Docs/Lighthouse troubleshooting

Troubleshooting

The dashboard derives Lighthouse status from the heartbeat: a Lighthouse is online while it's heartbeated within the last 60s, offline otherwise.

When a Lighthouse is offline you'll see an lighthouse.offline incident open against it. Recovery fires lighthouse.recovered the moment a heartbeat lands again.

What happens to bound monitors

Every monitor bound to an offline Lighthouse is treated as down for the duration of the outage:

  • The monitor's status badge flips to down.
  • An ongoing lighthouse_offline incident opens against the monitor (visible on the monitor's incident list).
  • The monitor's 24h / 7d / 30d uptime % drops by the offline duration — those windows are no longer running checks, so counting them as up would lie.

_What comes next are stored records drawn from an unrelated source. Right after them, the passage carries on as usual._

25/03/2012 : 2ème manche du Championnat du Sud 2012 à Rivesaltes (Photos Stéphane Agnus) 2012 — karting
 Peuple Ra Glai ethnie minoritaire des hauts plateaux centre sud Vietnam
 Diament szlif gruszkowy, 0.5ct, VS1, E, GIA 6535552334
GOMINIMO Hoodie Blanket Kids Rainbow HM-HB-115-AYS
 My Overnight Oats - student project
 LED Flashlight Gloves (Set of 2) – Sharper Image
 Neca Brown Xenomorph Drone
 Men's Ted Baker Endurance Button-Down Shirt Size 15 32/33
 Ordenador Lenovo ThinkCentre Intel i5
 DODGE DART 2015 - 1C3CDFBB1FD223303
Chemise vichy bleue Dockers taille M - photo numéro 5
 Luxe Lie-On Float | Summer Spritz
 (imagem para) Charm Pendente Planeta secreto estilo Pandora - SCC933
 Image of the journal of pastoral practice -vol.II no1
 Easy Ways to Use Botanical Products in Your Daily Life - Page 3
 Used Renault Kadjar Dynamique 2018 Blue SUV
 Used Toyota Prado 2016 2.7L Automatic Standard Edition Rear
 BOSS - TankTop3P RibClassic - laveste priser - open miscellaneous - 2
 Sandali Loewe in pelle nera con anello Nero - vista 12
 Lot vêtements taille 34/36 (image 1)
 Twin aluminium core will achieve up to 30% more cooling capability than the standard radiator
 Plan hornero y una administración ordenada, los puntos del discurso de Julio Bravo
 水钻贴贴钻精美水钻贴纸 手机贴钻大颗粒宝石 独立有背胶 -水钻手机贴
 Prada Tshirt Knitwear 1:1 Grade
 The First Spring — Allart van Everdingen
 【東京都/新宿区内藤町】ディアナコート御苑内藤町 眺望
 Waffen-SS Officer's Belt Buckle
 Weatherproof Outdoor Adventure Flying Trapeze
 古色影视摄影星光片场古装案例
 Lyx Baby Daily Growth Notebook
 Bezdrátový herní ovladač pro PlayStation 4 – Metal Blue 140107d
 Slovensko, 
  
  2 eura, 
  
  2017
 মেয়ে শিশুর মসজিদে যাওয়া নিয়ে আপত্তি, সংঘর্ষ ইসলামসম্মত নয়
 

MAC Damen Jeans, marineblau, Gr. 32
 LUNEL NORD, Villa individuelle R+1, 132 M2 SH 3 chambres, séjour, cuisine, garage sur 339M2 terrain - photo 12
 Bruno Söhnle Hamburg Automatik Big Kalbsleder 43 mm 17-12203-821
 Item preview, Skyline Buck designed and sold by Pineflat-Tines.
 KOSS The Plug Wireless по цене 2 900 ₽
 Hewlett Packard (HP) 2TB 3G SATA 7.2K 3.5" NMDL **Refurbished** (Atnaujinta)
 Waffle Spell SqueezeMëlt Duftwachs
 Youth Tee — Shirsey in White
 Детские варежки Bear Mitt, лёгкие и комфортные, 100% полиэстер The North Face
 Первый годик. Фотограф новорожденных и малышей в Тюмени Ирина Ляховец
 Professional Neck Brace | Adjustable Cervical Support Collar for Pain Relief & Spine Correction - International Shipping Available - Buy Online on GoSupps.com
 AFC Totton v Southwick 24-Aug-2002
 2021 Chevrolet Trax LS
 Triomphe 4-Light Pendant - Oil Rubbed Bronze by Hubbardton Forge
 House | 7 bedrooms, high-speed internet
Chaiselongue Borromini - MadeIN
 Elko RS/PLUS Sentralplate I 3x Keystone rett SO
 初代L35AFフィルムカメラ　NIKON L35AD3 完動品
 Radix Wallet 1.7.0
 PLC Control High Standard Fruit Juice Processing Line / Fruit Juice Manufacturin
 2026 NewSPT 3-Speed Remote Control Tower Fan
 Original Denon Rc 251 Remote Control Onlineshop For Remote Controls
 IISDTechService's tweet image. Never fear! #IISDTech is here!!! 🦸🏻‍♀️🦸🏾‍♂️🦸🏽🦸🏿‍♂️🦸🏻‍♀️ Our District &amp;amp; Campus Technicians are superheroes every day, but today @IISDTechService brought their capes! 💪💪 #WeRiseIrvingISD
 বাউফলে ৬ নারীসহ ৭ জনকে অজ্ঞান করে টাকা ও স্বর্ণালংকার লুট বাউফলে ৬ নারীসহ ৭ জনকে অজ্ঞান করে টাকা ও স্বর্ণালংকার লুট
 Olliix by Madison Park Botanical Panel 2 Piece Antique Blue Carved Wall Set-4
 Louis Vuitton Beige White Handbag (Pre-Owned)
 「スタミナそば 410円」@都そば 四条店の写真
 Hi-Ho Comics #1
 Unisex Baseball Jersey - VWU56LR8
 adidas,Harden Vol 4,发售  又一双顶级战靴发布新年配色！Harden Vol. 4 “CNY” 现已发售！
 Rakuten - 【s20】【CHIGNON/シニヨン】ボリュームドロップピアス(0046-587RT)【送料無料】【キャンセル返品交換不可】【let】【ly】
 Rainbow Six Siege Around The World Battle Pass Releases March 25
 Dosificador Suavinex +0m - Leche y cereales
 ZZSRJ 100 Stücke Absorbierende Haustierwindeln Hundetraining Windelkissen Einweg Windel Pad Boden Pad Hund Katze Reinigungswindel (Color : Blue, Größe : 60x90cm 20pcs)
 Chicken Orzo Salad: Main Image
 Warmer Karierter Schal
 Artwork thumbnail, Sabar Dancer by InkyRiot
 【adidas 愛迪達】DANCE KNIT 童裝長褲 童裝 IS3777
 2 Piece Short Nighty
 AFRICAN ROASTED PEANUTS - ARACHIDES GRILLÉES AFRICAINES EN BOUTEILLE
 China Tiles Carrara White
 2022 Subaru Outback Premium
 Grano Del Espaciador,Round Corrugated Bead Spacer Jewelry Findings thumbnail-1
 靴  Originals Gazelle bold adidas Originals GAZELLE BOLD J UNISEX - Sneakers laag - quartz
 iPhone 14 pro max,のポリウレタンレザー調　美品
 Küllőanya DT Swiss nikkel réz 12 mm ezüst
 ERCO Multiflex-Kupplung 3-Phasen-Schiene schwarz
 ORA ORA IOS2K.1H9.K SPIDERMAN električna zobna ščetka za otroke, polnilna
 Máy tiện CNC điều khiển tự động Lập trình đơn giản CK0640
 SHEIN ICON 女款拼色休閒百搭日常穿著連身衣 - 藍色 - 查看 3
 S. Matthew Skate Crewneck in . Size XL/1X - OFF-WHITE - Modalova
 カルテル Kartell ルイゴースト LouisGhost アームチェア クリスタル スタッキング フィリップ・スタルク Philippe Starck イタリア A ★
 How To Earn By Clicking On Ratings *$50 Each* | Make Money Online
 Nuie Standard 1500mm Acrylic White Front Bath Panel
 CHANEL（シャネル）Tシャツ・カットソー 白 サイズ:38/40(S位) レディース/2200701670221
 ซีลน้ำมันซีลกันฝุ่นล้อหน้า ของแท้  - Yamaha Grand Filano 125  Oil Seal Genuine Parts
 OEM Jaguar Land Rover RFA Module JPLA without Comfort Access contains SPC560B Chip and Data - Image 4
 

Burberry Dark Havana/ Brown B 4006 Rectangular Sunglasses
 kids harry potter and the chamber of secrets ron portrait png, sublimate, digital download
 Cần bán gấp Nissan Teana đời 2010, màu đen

Notification spam is suppressed by design: you get the single lighthouse.offline alert, not one alert per affected monitor. On recovery, the per-monitor incidents resolve alongside the lighthouse-level one and the agent re-syncs current state.

Agent is offline

Check, in order:

  1. Is the process running? systemd: systemctl status lighthouse. Docker: docker ps | grep lighthouse. Kubernetes: kubectl get pods -n status-harbor.
  2. Outbound HTTPS to lighthouse.statusharbor.io? From the host: curl -v https://lighthouse.statusharbor.io. Anything that proxies / inspects TLS will trip up the agent.
  3. Token still valid? If you deleted the Lighthouse in the dashboard, the agent's token is revoked and the agent will exit on its next heartbeat. Re-create and re-deploy.
  4. Logs. The agent logs JSON to stdout. systemd: journalctl -u lighthouse -f. Docker: docker logs -f lighthouse. Kubernetes: kubectl logs -f -n status-harbor -l app=lighthouse. Set LIGHTHOUSE_LOG_LEVEL=debug for verbose output (with check inputs/outputs redacted).

Checks aren't running

If the Lighthouse is online but a specific check isn't showing results:

  • The monitor must be bound to this Lighthouse, not another.
  • The agent fetches its check list on every heartbeat — give it up to the heartbeat interval before assuming a config change isn't applied.
  • Outbound network from the agent to the target must work. Test from inside the host or pod with curl / nc / dig.

Pause vs delete

  • Pause keeps the Lighthouse and its monitors in place but stops the agent from running checks. Use this for maintenance windows. Toggle it from the Lighthouse detail page in the dashboard, or via the Terraform paused attribute.
  • Delete is irreversible. It revokes the token, deletes bound monitors and incidents, and the agent process exits on its next call.

Upgrading

The dashboard shows an Update available badge when the agent version is older than the latest GitHub release. The Upgrade modal prints the right command per install path. The agent self-restarts under systemd / Docker / Helm — no manual reboot needed.